The world is going digital. And Latin America and the Caribbean (LAC) is one of the regions leading the revolution.
The LAC market for mobility1 is the fourth-largest in the world, with almost 326 million people using smartphones or other mobile devices. How they are using them is evolving, too, as 54 percent of LAC smartphone users have made mobile (or mcommerce) purchases via the Internet2; and about 22 million new users3 plan to be mcommerce shoppers soon.
Even those who have not yet dived into the digital waters are thinking about it. Seventy-four (74) percent of LAC adults are interested in using mobile services4, including banking and digital wallets. Plus, LAC consumers making “card-on-file” recurring payments is expected to grow from 23 percent today to 87 percent within a decade. The rapid adoption of instant gratification/instant payment services like Uber is fueling much of that growth5.
Merchants and financial institutions that embrace digital convergence across all touch points have an enormous opportunity to bolster business and stave off challenges from fast-moving, disruptive outliers – including thousands of financial technology start-ups that have popped up everywhere.
Those that don’t run the risk of becoming irrelevant and unable to compete in this dynamic, hyper-connected, global economy.
LAC: Beyond Cash and Plastic
Consumers want smart, easy-to-use mobile applications from all merchants; 77 percent expect technology to provide a more convenient shopping experience6. So investing in digital platforms to make transactions simpler can be quite a business for LAC enterprises.
Cardholders who regularly make multiple types of digital payments spend 10x more7 than those who do not. Clearly, catering to these more affluent shoppers can be a boon for LAC businesses.
But how? Technological advancements – from cloud computing to the Internet of Things (IoT) – make digital commerce more widespread and affordable. Every connected device – from cars to refrigerators — is a potential commerce device, and this proliferation of digital platforms is changing the way merchants sell and consumers shop.

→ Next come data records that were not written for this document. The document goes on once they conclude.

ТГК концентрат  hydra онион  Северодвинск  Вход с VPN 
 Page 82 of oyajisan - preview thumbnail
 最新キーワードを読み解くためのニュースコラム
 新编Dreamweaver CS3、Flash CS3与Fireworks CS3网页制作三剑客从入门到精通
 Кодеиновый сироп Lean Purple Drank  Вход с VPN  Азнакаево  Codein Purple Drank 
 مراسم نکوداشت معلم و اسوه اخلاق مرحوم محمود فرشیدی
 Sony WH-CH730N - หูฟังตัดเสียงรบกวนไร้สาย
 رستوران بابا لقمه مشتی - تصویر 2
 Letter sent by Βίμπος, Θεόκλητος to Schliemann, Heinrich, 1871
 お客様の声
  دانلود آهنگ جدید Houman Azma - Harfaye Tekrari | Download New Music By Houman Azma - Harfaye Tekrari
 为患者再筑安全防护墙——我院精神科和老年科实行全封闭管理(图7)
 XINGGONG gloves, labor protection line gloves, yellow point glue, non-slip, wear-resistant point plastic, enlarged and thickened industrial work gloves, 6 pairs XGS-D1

In Peru, mobile phone operator Movistar is providing 16 million customers with the country’s first electronic money service. An electronic money account links their telephone number to their Tu Dinero Movil (“Your Mobile Money”) card; then, via their mobile phone, they can transfer funds, make in-store purchases, and replenish balances –without a bank account.

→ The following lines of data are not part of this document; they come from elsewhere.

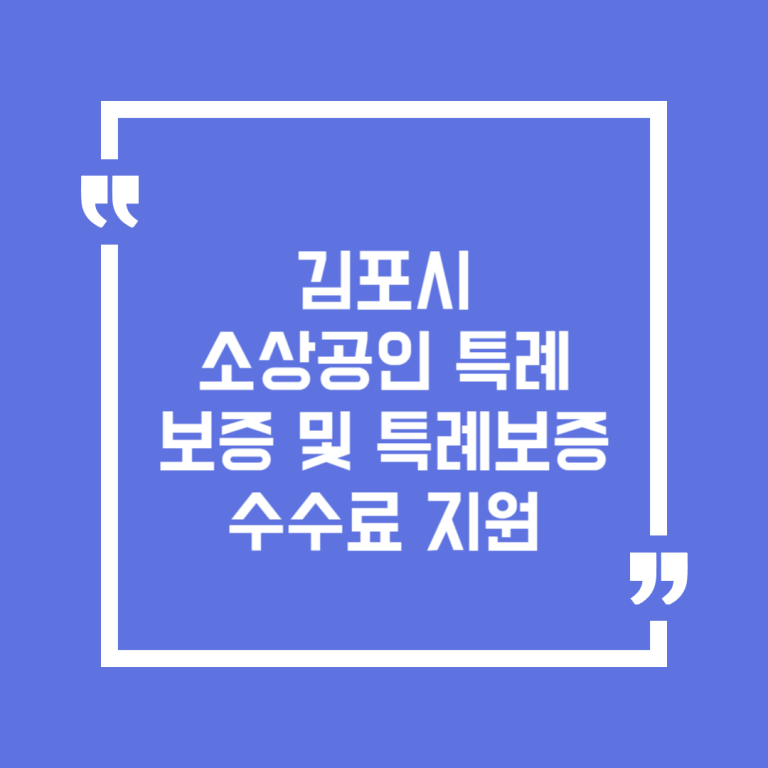 김포시 소상공인 특례보증 및 특례보증수수료 지원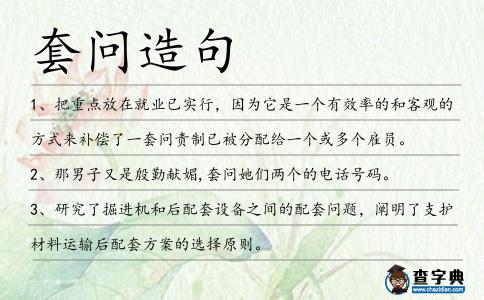 套問造句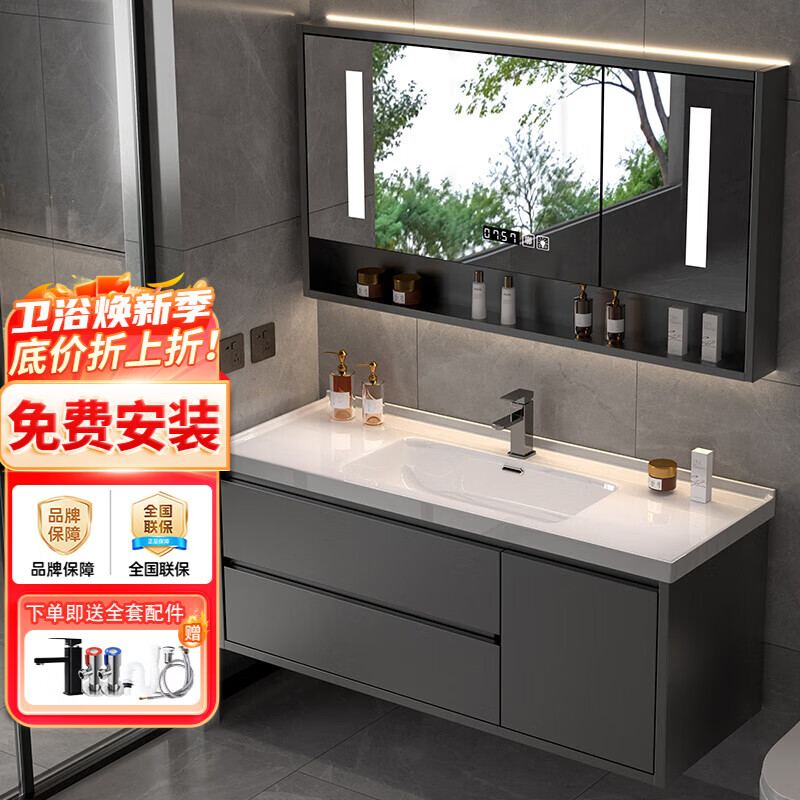 法梵仕浴室柜洗脸手盆柜组合洗漱台洗手台池卫浴台【陶瓷一体盆】 【冲量款】B款智能镜轻奢灰80cm
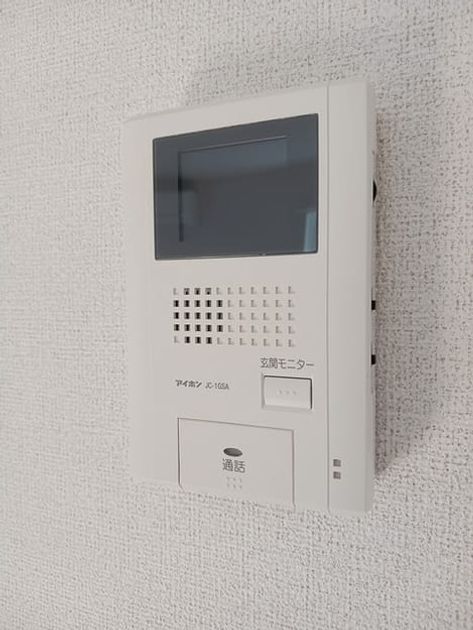 Naikan12 20241114000000 945x630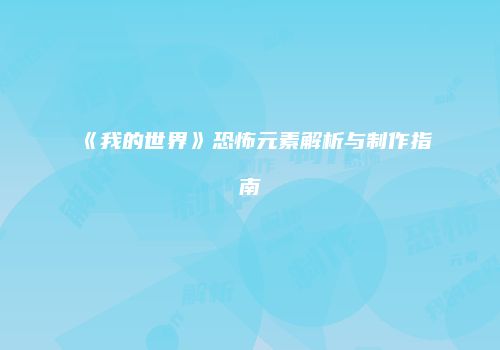 《我的世界》恐怖元素解析与制作指南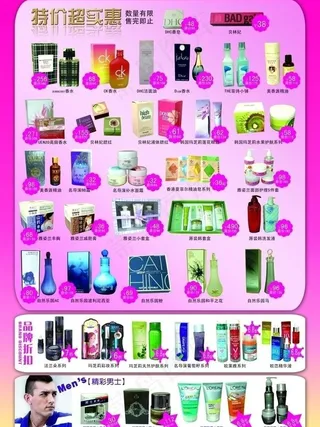 化妆品图片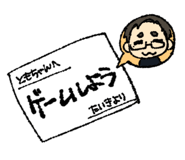 833167329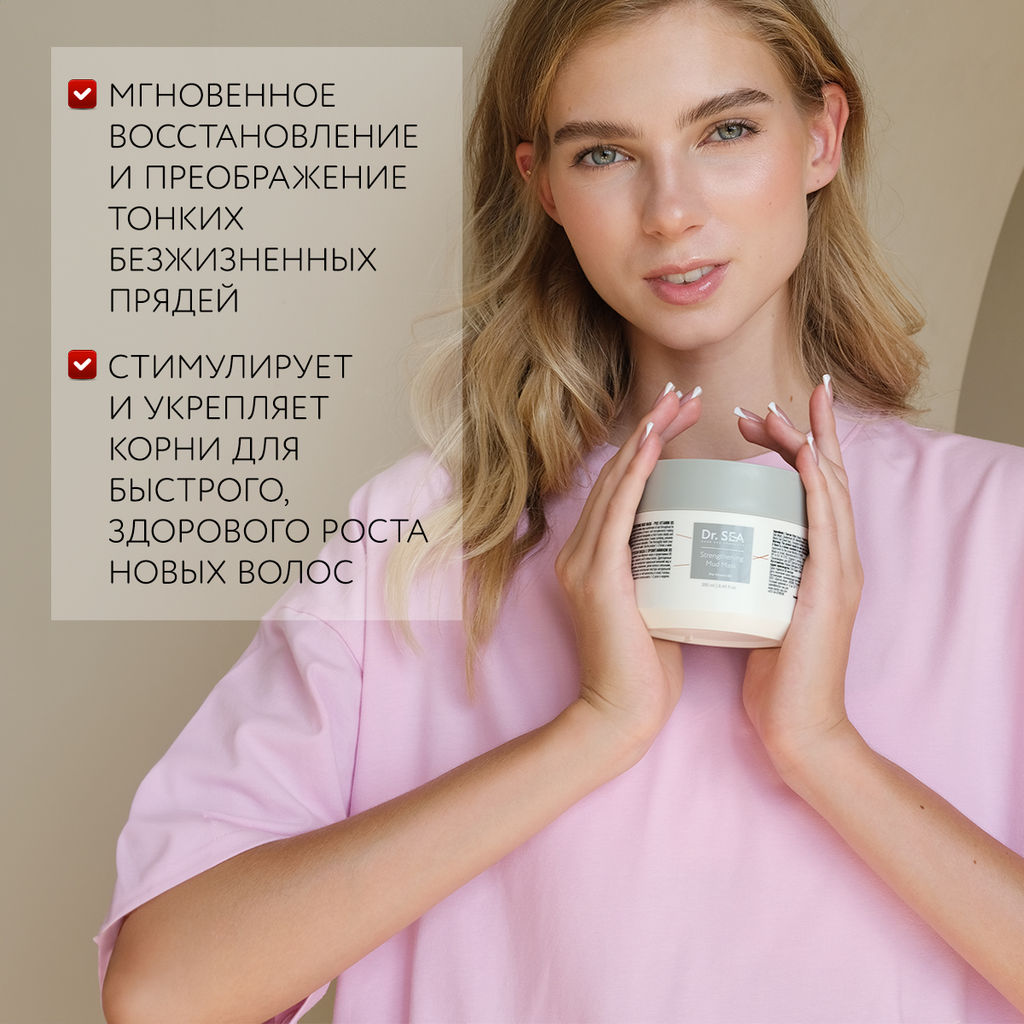 1108 Dr.Sea Укрепляющая грязевая маска для волос с провитамином В5, 250 мл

Brazil, where ecommerce sales grew 20 percent in 2014, was the first LAC country to offer MasterPass™, an innovative one-click ecommerce payment technology. By safely storing personal details, shipping addresses and favorite cards, the service simplifies making purchases from any mobile device.

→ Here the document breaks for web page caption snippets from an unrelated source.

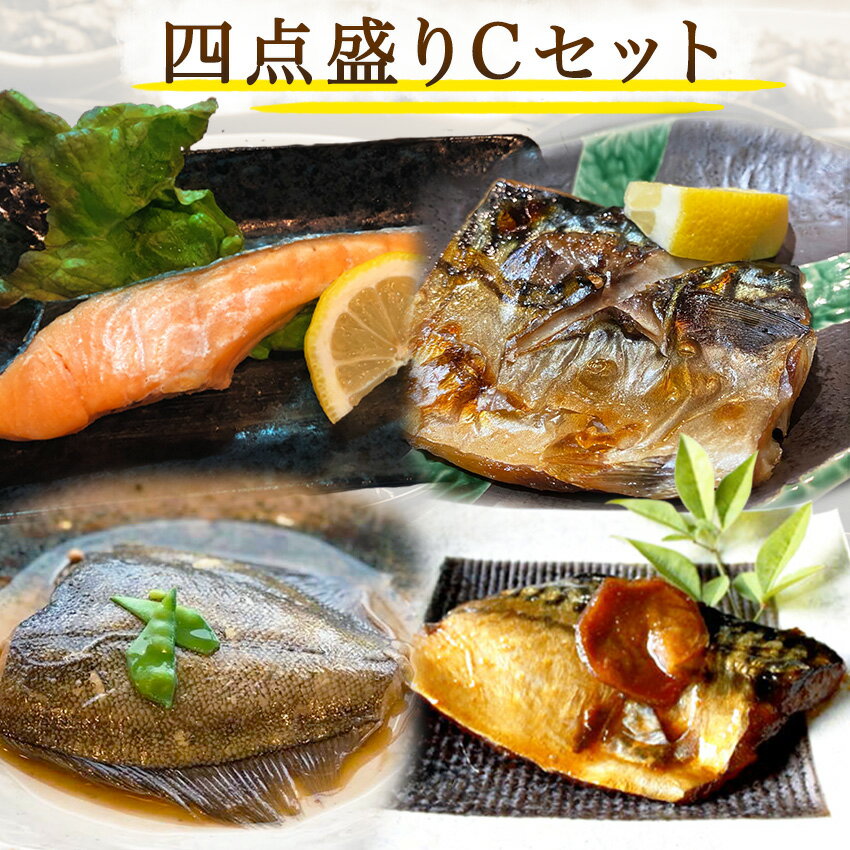 【四点盛りCセット】カレイの煮つけ(110g) 鯖の生姜煮(80g) 焼鯖(80g) 焼鮭(60g)【半額】手作り惣菜 冷凍食品 惣菜 冷凍 おかず 食品 お惣菜 お弁当 冷凍惣菜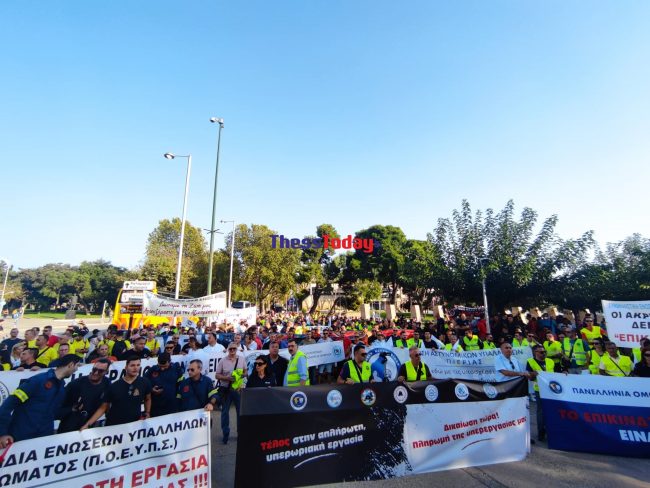 συγκέντρωση στη Θεσσαλονίκη 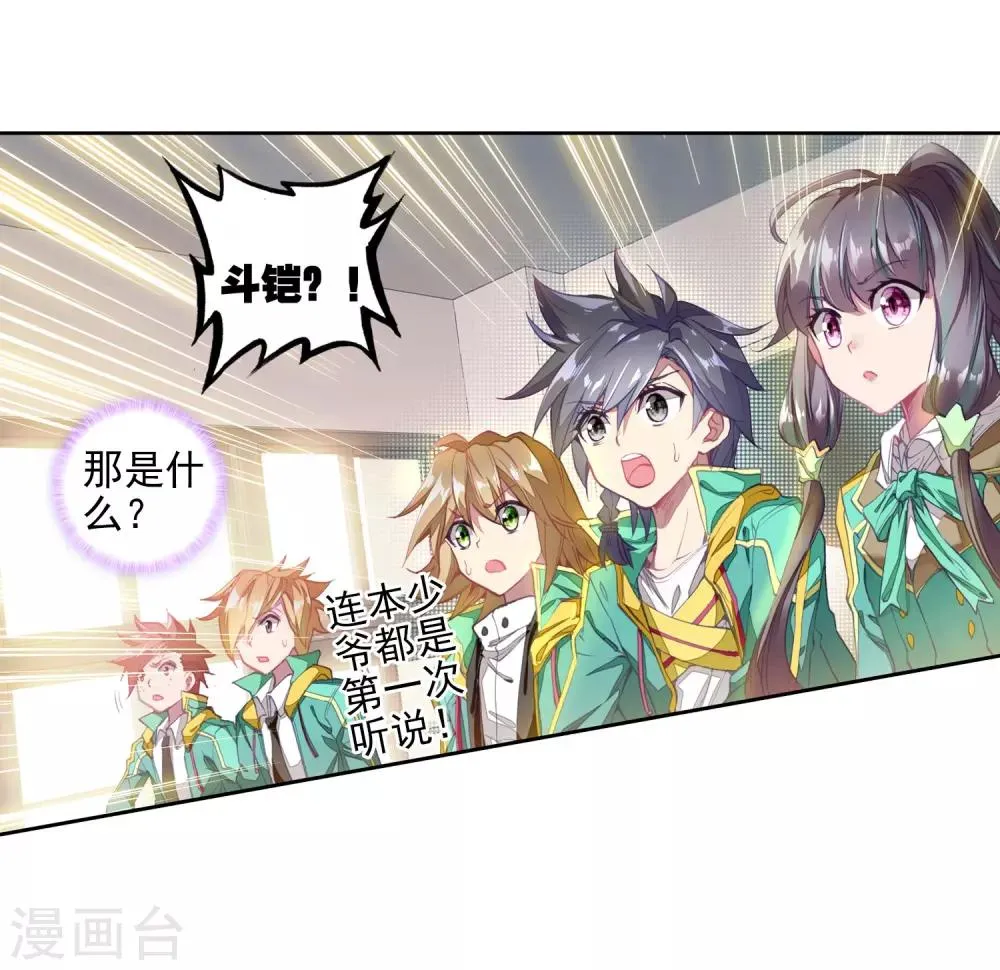 第90话 一年级零班2 第3页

By connecting digital services to shopping trends, LAC businesses can even use digital convergence to enter into a courtship with a new base of prospective customers – those who had previously been financially excluded.
Breaking Down Barriers to Financial Inclusion
Commercial enterprises that adopt digital solutions are breaking down barriers to financial inclusion that have prevented many in LAC from participating in the global marketplace.
According to the World Bank8, about 210 million LAC adults do not have bank accounts. As a result, they are more at risk of robbery or being unable to replace lost currency. Plus, they often travel long distances or stand in line to pay bills, limiting productivity and income potential.
On a positive note, the number of unbanked has decreased substantially. Today, about 51 percent of LAC adults have a bank account, compared to just 39 percent four years ago9. Easier access to funds – like digital payments through a mobile phone or in-store terminal – hastens full involvement in the digital economy.
Numerous studies have shown that paying wages or government assistance digitally opens the door to financial inclusion. When governments, retailers and financial institutions broaden their digital service offerings, the impact is immediate – and substantial.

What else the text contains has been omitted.